**Assigned task:** Search the data for the string "Photo" and gather each line it is in.

**Records:**
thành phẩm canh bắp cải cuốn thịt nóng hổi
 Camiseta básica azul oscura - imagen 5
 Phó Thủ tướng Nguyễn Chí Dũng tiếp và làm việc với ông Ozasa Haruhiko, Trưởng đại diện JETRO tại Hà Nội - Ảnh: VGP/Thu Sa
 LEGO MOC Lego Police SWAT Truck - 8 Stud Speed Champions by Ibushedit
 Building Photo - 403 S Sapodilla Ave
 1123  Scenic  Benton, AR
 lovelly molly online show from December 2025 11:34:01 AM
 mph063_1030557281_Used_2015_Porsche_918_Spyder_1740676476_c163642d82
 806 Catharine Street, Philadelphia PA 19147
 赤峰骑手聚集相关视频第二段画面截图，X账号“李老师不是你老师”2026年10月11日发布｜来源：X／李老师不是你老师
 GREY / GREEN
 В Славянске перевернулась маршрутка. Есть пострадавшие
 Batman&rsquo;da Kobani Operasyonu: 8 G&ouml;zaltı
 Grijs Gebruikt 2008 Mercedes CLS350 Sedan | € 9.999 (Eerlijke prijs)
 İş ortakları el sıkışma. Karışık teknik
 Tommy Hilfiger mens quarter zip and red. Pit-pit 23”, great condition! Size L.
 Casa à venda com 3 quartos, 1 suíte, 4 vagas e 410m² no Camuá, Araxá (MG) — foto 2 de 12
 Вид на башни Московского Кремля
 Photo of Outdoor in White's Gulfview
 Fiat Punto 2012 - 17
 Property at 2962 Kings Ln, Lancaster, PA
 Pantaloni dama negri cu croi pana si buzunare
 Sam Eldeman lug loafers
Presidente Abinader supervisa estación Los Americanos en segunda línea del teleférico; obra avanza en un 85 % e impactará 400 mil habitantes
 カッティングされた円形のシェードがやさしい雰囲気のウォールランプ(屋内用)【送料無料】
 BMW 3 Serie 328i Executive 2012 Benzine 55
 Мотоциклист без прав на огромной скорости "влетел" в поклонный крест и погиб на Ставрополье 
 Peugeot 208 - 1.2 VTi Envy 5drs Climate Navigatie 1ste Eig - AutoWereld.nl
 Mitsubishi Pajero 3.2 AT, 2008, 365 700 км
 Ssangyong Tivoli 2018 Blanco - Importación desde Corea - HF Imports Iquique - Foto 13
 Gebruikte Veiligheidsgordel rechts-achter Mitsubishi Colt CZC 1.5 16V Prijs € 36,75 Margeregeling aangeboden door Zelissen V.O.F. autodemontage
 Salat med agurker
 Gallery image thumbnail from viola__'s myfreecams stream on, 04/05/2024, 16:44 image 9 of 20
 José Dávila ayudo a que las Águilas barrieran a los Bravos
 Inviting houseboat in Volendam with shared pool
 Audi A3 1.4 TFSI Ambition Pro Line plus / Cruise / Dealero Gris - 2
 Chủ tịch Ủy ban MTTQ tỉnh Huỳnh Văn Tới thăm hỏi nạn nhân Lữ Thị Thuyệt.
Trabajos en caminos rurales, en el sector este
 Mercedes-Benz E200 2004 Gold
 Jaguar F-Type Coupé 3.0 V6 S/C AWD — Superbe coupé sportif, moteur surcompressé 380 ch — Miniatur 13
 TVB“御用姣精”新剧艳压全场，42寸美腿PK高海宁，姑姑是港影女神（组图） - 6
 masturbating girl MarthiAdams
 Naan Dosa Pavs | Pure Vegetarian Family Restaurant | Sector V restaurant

**Solution to this problem:**
 Building Photo - 403 S Sapodilla Ave
 Photo of Outdoor in White's Gulfview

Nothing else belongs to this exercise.